======== Recorded data ========

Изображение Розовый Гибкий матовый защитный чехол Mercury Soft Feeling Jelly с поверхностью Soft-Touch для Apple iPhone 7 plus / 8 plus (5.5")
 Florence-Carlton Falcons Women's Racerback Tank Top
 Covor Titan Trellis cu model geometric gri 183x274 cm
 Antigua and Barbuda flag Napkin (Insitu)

========

Exercise objective | Retype the material exactly, including every line.

Answer to the problem |
Изображение Розовый Гибкий матовый защитный чехол Mercury Soft Feeling Jelly с поверхностью Soft-Touch для Apple iPhone 7 plus / 8 plus (5.5")
 Florence-Carlton Falcons Women's Racerback Tank Top
 Covor Titan Trellis cu model geometric gri 183x274 cm
 Antigua and Barbuda flag Napkin (Insitu)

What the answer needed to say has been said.